La portée de l’arrêt est significative en matière de gestion des évolutions réglementaires et de mobilité interne. Elle consacre une protection du salarié contre les modifications anticipées et précise les conditions d’un reclassement licite.

La décision rappelle avec force les limites du pouvoir de direction face aux évolutions légales. L’employeur doit anticiper les changements de normes. Il peut proposer des formations ou un reclassement. Mais il ne peut précipiter les conséquences contractuelles d’une obligation future. La Cour affirme que « titulaire du certificat d’aptitude […] l’employeur ne pouvait lui imposer […] une modification ». Le salarié reste en droit d’exercer ses fonctions avec ses qualifications actuelles jusqu’à la date butoir. Cette solution sécurise la position des salariés face aux mutations techniques ou réglementaires.
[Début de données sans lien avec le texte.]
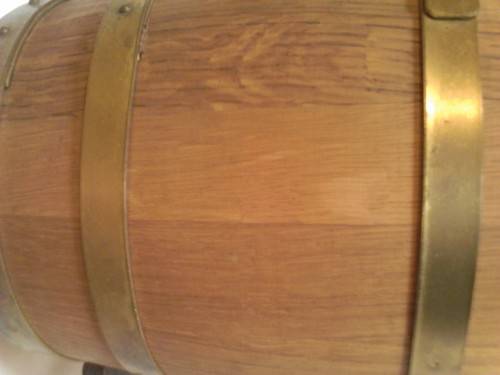 STUNNING OAK WINE BARREL WITH BARREL HOLDER IN PERFECT CONDITION, GREAT PIECE FOR YOUR BAR!!!!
Elle oblige l’employeur à une gestion progressive et concertée. Le reclassement ne peut être une simple injonction justifiée par une échéance lointaine.

Toutefois, la solution pourrait paraître rigide si elle devait être étendue sans nuance. Elle pourrait freiner les adaptations nécessaires des entreprises. L’employeur avait organisé deux sessions de formation. Le salarié les avait refusées. L’employeur proposait un reclassement sans baisse de salaire. La Cour ne prend pas en compte cette démarche proactive. Sa lecture stricte du délai réglementaire pourrait inciter à l’attentisme. Pourtant, la jurisprudence admet parfois qu’un refus de formation constitue une cause réelle de licenciement. Ici, le salarié avait déjà été averti pour son refus. La Cour écarte cet élément car le licenciement fut fondé sur l’absence au nouveau poste, non sur l’insubordination. La décision illustre l’importance cruciale de la qualification juridique exacte des faits par l’employeur. Une cause de licenciement mal articulée, même étayée par des griefs sérieux, peut être rejetée. L’arrêt invite ainsi à une grande rigueur dans la rédaction de la lettre de licenciement et dans le choix du fondement juridique.

Source : Cour de cassation – Base Open Data « Judilibre » & « Légifrance ».